The truly wonderful thing Remender does is in creating various wrinkles to an otherwise simple story. There is a beautiful dynamic at work between Archangel, a former Horseman of Apocalypse, and his lover Psylocke, who has been helping him learn to control the more violent impulses of his nature. Wolverine forms an interesting point in this triangular relationship by training Psylocke to murder Archangel, should the need ever arise. The team is rounded out with Deadpool, a mouthy mercenary who is, thankfully, used sparingly as comic relief, and Fantomex, who also provides some comedy and proves to be a very fun foil to Wolverine.

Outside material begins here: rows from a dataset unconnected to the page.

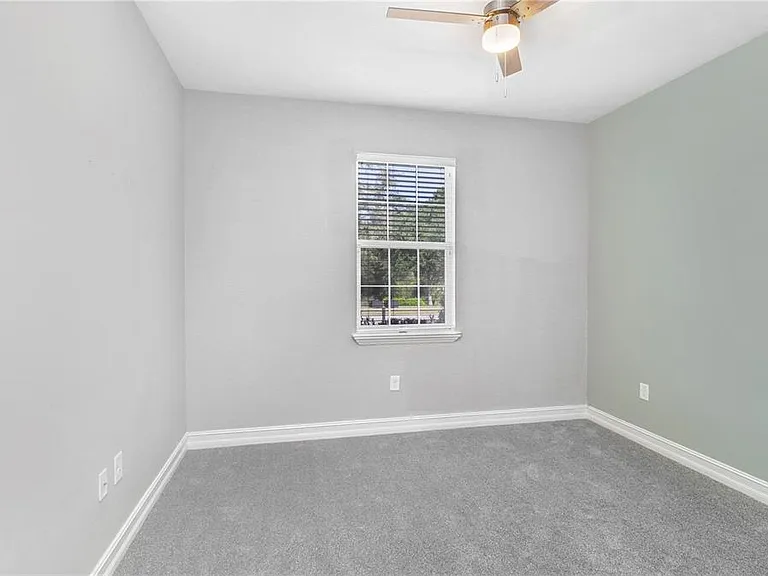 16325 Hyde Manor Dr — Photo 19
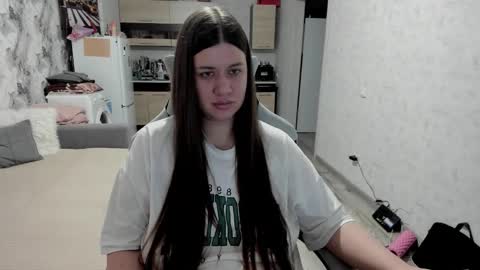 Aletta Oushen online show from November 2025 10:59:01 AM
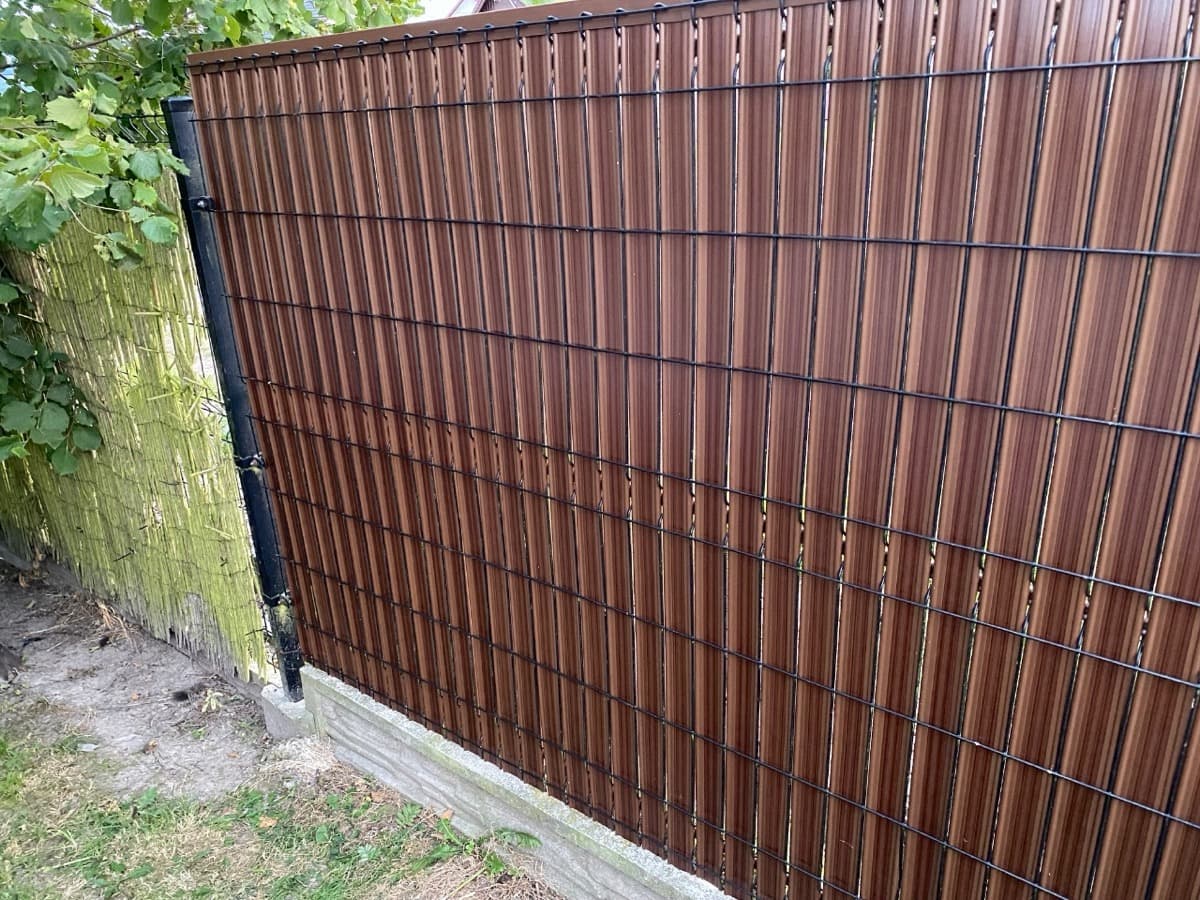 Realizacja ogrodzenia - Jasnobrązowy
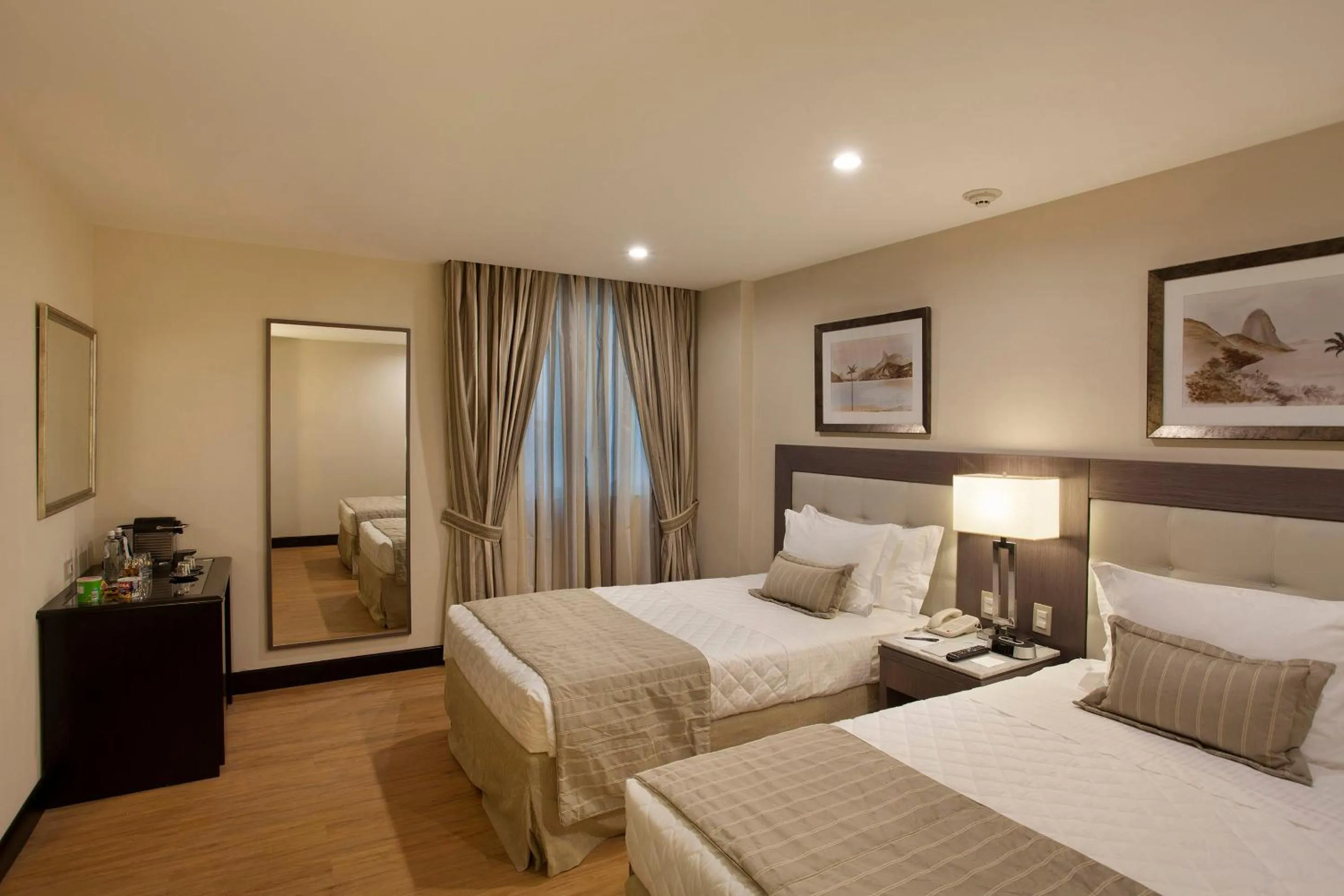 Photo of the whole room, Bed in Miramar By Windsor Copacabana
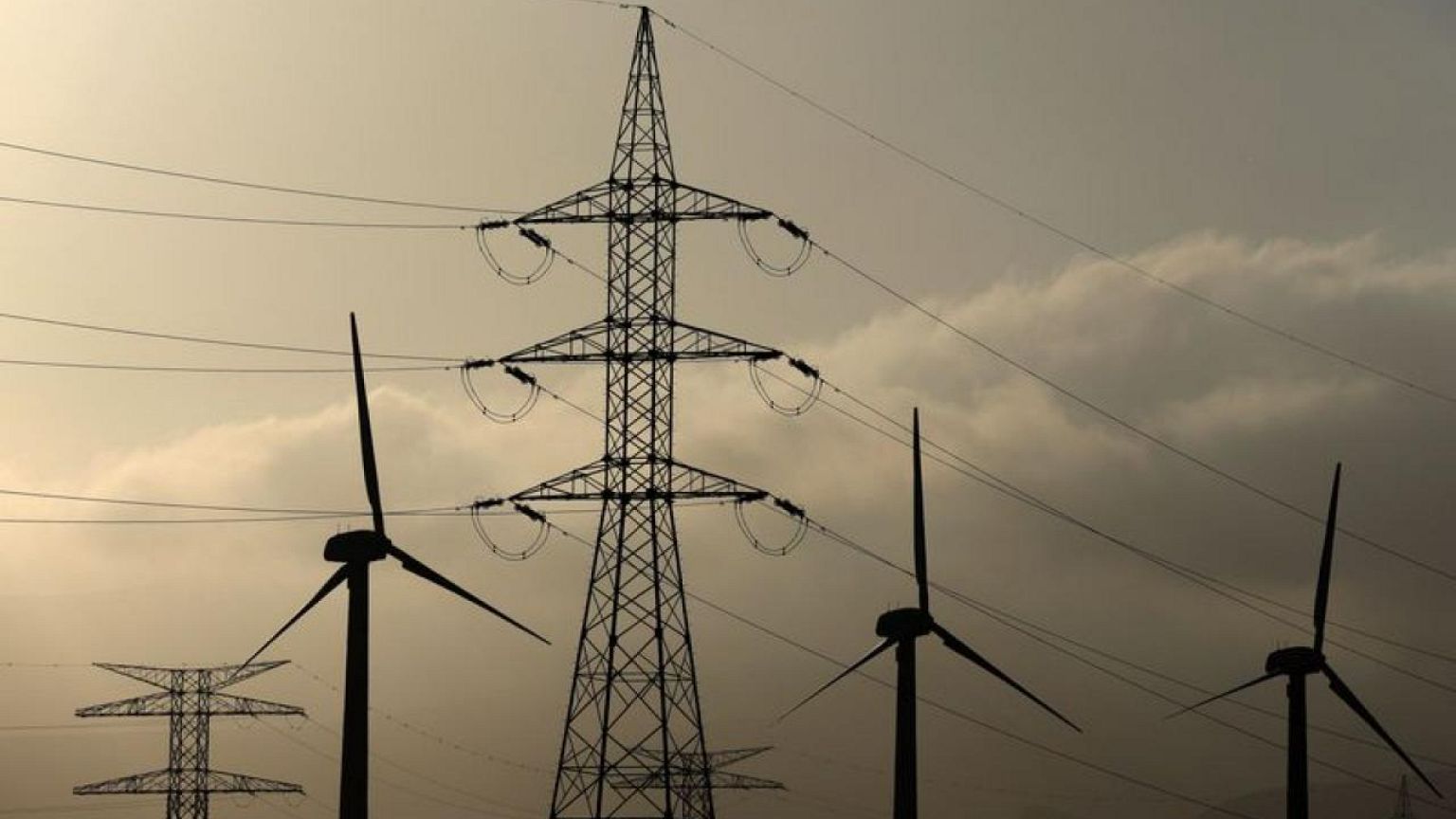 Spanish govt insists on energy savings plan despite opposition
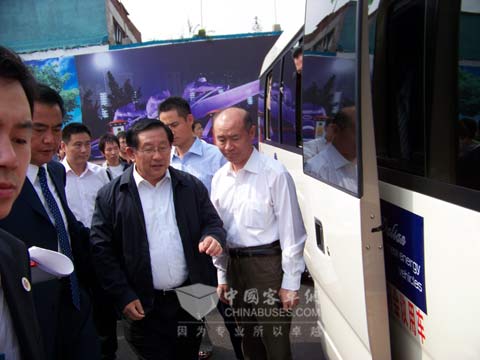 科技部部长万钢参观宝斯通纯电动公务客车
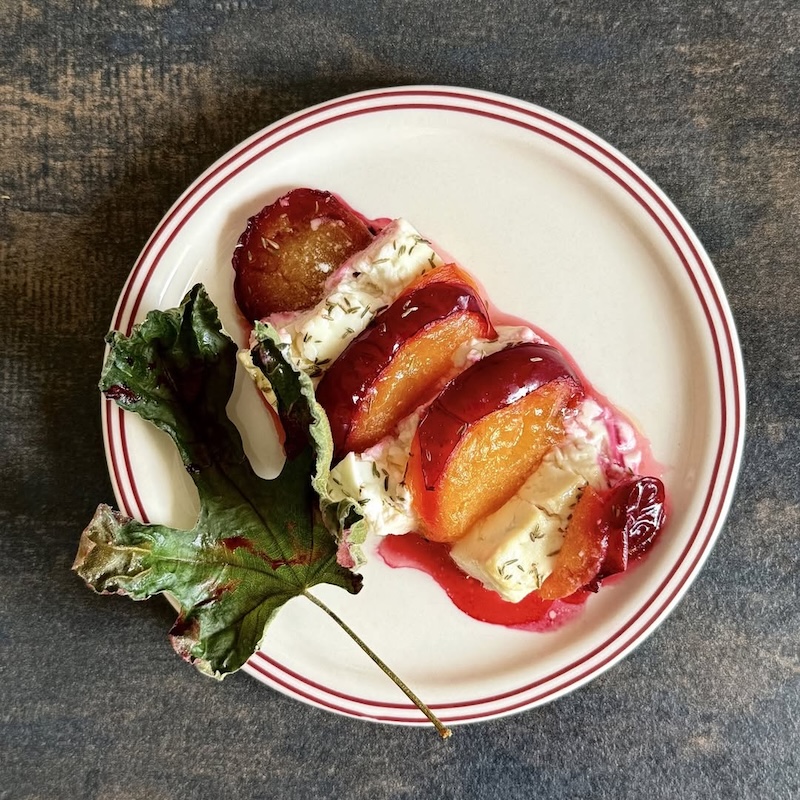 recette de Feta et prunes en feuilles de figuier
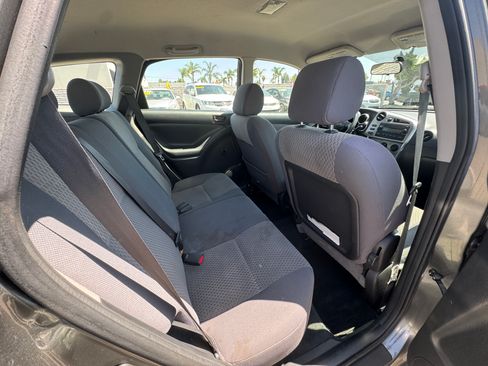 Used 2007 Toyota Matrix UNAVAIL FWD image 18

Their struggles against the Four Horsemen are consistently convoluted and twisted, and the war occurring within Archangel's soul provides some terrific emotional arcs for both him and Psylocke. In casting their most dangerous adversary as a child, a blank slate who has no understanding of his place in history or his role amongst the mutants, Remender makes a bold complication for his rugged band of killers forced to square off against a youthful innocent. There's a remarkable morality play at work here, akin to the question of “If you could go back in time and kill Hitler, would you?” The more pertinent question, of course, is could you?
Jerome Opeña provides clear, detailed artwork that nicely executes Remender's script. His panel layouts are fluid and concise, creating an easily readable graphic story that flows quickly. His action scenes are energetic, and nicely grotesque where required, such as when Wolverine squares off against Death, a mutant who conducts a host of diseases and plagues through metal. As such, Opeña makes it wickedly gruesome as Wolverine's adamantium skeleton riddles his body with tumors and boils. The coloring is appropriately subdued and captures the tone of the book well, helping to craft a dark atmosphere suitable to the at-times questionable morality of the X-Force team and their occasional off-kilter sense of humor. It is not oppressively bleak and dark, as some chapters of the previous X-Force title were under artist Clayton Crain, but neither is it warm and inviting.
Remender wisely strips Uncanny X-Force of the loaded history and continuity of the central X-Men universe, providing readers with a fresh start, in much the same way Joss Whedon did with Astonishing X-Men. For those who are interested or need a quick refresher, there is four-page appendix detailing the history of X-Force since M-Day. But, ultimately, the aim of the book is to tell a fun, exciting story that is not burdened with loads of backstory and history that would take a wide expanse of flow-charts to unravel. This is a title for discerning fans of X-Men, but one that readily welcomes new readers who may not be overly familiar with the extensive history of Marvel's central X-titles. It easily fits the bill for both longtime fans looking for a good action yarn and new readers looking to hop onboard the X-Men bandwagon without needing Google handy to help decipher what's happening and why. Remender quickly fills in the blanks, tells readers what they need to know, and sets off in grand, violent fashion.